*What you have to do*. Having located "this 400×300 image." in the listing below, write out its line and every following line exactly, last line included, without the pictures.

*Task material*.
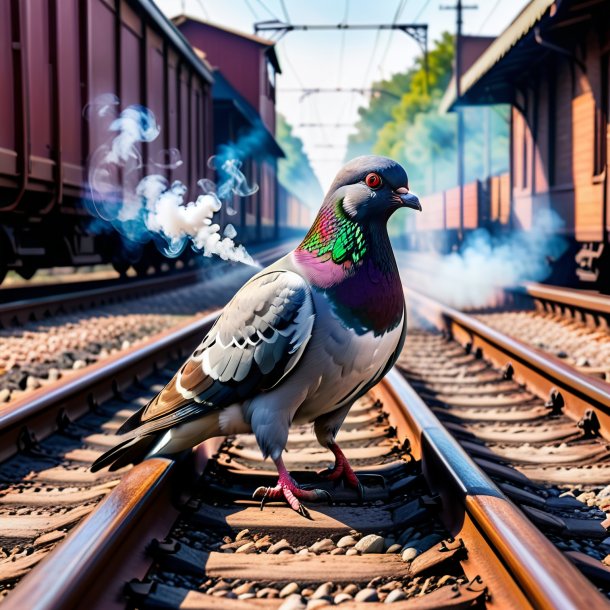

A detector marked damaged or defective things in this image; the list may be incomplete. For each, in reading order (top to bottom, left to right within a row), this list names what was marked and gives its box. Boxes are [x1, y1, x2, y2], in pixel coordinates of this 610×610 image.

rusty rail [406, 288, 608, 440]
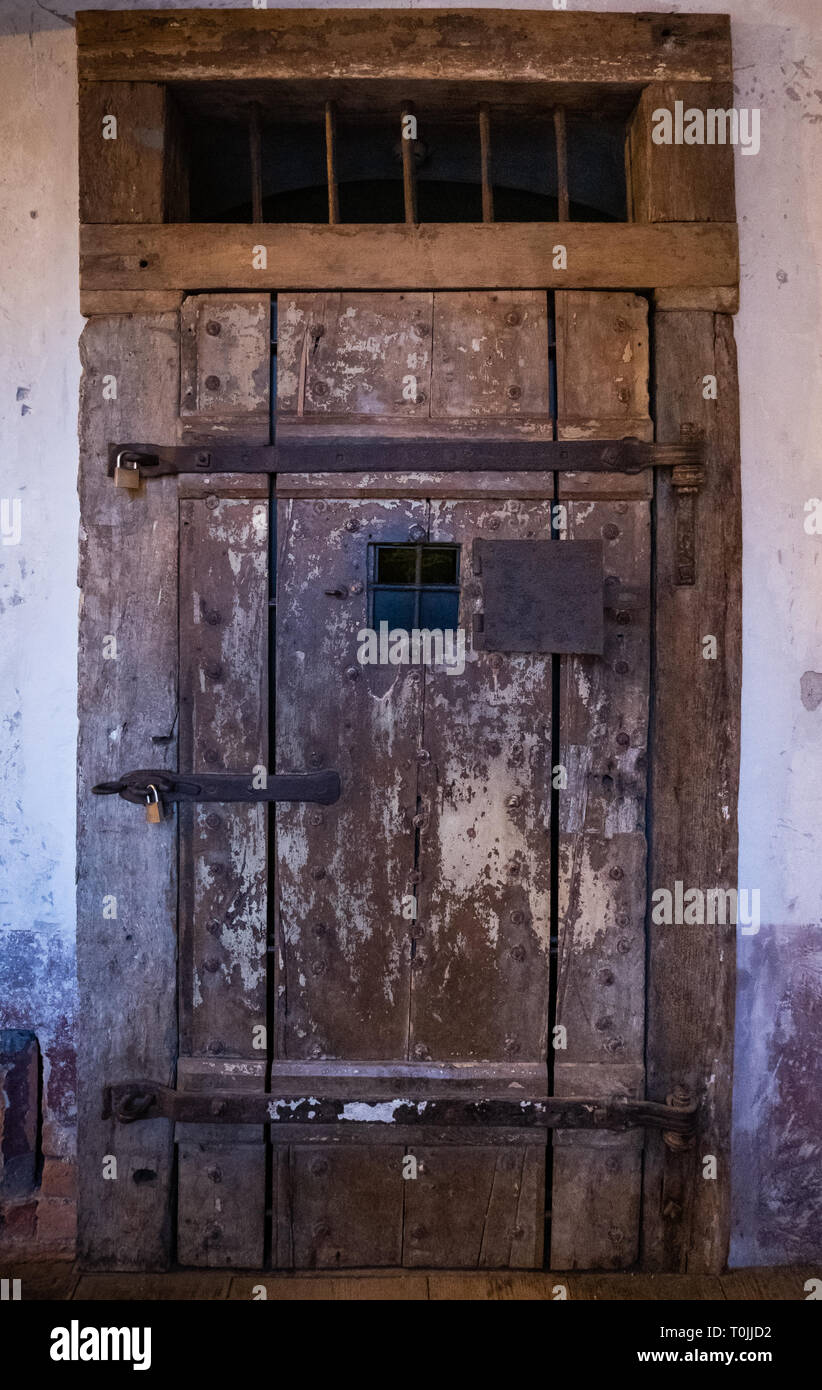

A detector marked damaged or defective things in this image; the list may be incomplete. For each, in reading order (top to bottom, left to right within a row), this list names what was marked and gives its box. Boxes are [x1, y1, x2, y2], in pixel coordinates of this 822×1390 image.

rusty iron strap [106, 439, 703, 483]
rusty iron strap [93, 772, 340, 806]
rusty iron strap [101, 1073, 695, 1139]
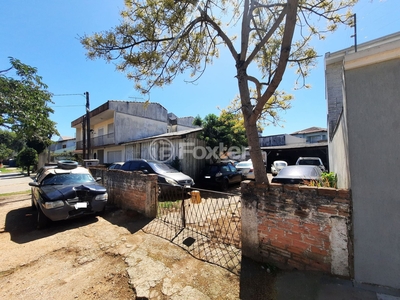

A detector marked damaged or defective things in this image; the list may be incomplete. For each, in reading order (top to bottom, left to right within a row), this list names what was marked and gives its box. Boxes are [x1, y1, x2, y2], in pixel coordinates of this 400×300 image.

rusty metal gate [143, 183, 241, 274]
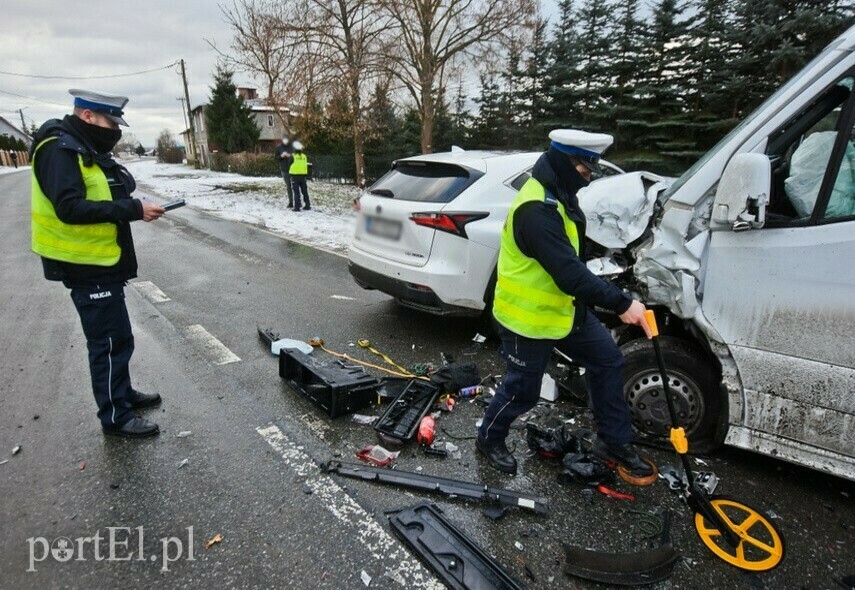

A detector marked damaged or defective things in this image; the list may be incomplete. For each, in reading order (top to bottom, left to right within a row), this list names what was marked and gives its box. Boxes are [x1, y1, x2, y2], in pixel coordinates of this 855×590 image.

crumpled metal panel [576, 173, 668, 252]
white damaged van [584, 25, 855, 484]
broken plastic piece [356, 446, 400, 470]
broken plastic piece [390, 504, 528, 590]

*The answer*.
A detector marked damaged or defective things in this image; the list may be incomplete. For each, in reading order (top to bottom, left to right within a row), this list names what was marked and gives its box. Boxes are [x1, y1, x2, y2], in pixel coordinates of this 400×300 image.

rusty metal gate [143, 183, 241, 274]

A detector marked damaged or defective things in this image; the list may be incomplete. For each, in reading order (top to bottom, left to right within a row), this list names what was marked and gives its box. Boxes are [x1, y1, x2, y2], in pixel coordinates of this 855×590 image.

crumpled metal panel [576, 173, 668, 252]
white damaged van [584, 25, 855, 484]
broken plastic piece [356, 446, 400, 470]
broken plastic piece [390, 504, 528, 590]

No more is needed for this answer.